Je pensais aux gens sur Genève qui se sont précipités chez Macdo dès qu'ils ont eu la possibilité de sortir. Au tout début moi aussi je regardais à cette histoire avec dégout et méprise. Le burger chez Macdo est une merde et a le gout des chaussettes laissées à pourrir après une séance de fitness, on est d'accord. Après aujourd'hui je lavais mes assiettes et je nettoyais la cuisine, j'essayait d'arriver à faire sortir toute les incrustations et le sale des tuyaux. Je pensais alors à la nécessité de contact avec la matière et le fait de se salir le main et l'esprit, et j'ai pensé que le sentiment d'auto-destruction après des privations, des manques, la peur, avec une perspective encore ouverte sur ce qui va se passer, c'est compréhensible, ça peut arriver. Et ça peut être accompagné par la nécessité d'oublier. Et quoi de mieux de se remplir le ventre et ne vouloir plus rien savoir, de se jeter sur un morceau de la civilisation de merde qu'on a créé et essayer de n'avoir plus peur. Quoi de mieux que de s'annuler. En plus je pensais, bon, ces gens n'ont pas trop d'argent pour aller dans un grand resto - et c'est encore fermé - et ils n'ont pas eu la possibilité de lire et de s'informer, ils n'ont pas les connaissances et la conscience pour par exemple penser au système capitaliste globale, ou d'avoir le réflexe de s'acheter des produits bio chez un fermier à la montagne qui cultive ses salades bio (tout en utilisant sa propre caca paysanne originelle) et, encore, plus fort encore, ces gens veulent seulement jouir comme des cochons sauvages libérés dans la foret qui tombent sur un paquet de truffes et les dévorent sans penser aux bonnes manières. Ils s'en foutent totalement, ils ont faim.
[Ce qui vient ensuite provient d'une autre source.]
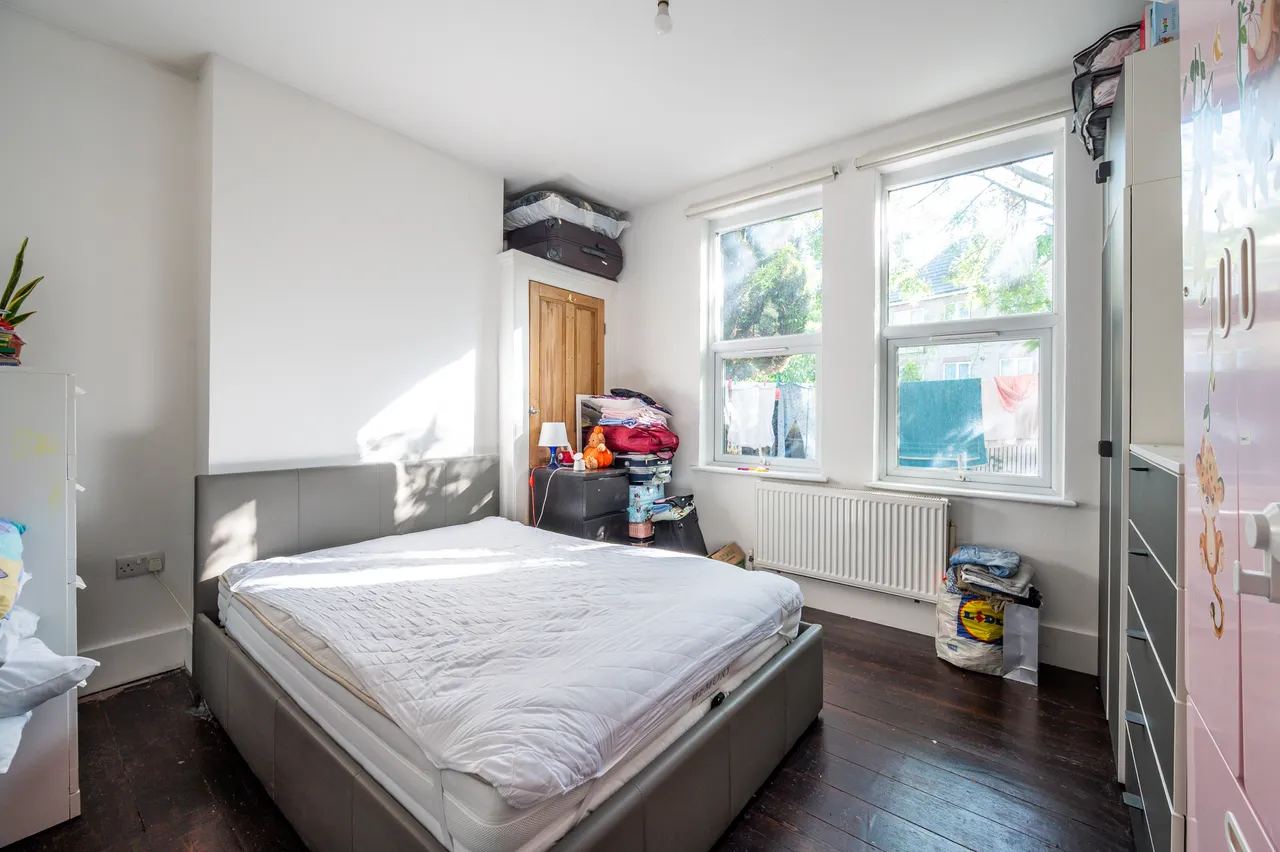 Ground Floor Flat, 12 Kinsale Road, London, photo 9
Finalement, c'est facile de juger et regarder le peuple et de le dire grossière, ignorant et sauvage, c'est facile de le regarder se réjouir de se remplir le ventre avec de la bouffe de merde pendant que nous mangeons notre salade bio moche, mais - mes couilles - probablement c'est aussi la faute des gens qui sont là à juger et qui n'arriveront jamais à parler avec quelqu'un qui mord avec gout son bigmac et qui t'envoi à te faire foutre si tu lui fais la morale. Et puis quelle belle sensation de se marrer de ces gens qui vont chez macdo, ça nous remplit pas le ventre, mais putain, on se sent meilleurs, n'est-ce pas ?
Arrêter de faire la morale peut faire du bien à tout le monde.